In Beijing’s newfound enthusiasm to address its smothering traffic jams, it appears that Huang Wei (黃衛) has succeeded too well.
Huang, Beijing’s vice mayor for traffic management, resigned on Thursday and was reassigned to remote western China, the exile destination of choice for those out of favor. The demotion followed a record splurge on new-car purchases by Beijing residents, who apparently anticipated that the city was about to tackle its traffic jams by limiting registrations of new vehicles.

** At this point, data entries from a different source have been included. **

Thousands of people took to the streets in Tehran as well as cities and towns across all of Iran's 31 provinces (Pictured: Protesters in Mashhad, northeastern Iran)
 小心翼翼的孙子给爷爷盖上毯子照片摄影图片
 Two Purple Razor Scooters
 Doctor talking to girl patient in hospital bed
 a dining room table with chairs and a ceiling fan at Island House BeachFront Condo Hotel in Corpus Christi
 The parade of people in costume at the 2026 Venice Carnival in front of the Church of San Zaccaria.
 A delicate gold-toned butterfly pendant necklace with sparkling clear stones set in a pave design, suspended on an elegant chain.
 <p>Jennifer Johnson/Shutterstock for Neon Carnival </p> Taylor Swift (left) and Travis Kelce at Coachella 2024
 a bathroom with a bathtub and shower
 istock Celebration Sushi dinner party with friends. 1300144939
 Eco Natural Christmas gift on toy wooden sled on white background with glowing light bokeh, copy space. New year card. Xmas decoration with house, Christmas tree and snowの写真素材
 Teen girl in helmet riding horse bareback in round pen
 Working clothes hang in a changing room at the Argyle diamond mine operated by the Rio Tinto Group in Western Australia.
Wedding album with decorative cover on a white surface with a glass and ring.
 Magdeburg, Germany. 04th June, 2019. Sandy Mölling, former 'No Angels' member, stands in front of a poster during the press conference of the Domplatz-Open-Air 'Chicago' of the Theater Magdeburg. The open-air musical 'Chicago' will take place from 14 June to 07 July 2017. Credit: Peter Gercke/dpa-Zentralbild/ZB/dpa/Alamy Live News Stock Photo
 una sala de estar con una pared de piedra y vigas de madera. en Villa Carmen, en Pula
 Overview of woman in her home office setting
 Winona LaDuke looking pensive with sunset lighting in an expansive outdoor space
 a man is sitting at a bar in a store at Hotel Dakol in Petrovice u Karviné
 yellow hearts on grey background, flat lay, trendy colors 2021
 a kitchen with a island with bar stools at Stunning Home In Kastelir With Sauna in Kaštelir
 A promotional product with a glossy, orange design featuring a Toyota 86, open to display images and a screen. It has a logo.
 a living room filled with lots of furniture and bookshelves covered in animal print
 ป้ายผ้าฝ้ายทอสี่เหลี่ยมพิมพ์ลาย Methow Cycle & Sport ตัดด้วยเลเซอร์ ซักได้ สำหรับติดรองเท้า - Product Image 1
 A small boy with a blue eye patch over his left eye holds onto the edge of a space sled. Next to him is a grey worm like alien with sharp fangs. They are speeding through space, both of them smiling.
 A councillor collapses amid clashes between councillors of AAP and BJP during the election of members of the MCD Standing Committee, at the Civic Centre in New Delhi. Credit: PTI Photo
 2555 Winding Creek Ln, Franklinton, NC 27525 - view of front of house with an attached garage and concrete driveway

The city did just that on Thursday, announcing that it would issue only 240,000 new license plates next year, one-third of this year’s number, in the final version of a traffic-improvement plan that was first issued on Dec. 13. The final plan envisions miles of underground highways, higher city-center parking fees, vastly expanded subway and bicycle networks, and a lattice of new downtown streets — as well as a cap on new vehicle registrations — in an attack on traffic that ranks among the world’s worst.
Photo: REUTERS
Beijing residents reacted to hints of a cap on new registrations by rushing to buy cars at a record rate. Last week, the city registered 30,000 new vehicles, the most ever, and 50 percent more than in the preceding week. Huang’s role in the preparation of the traffic plan was unclear, but the timing and site of his reassignment suggested that higher authorities were displeased with the surge in car buying.
In a July poll of commuters in 20 cities, IBM concluded that the most insufferable traffic was in Beijing and Mexico City.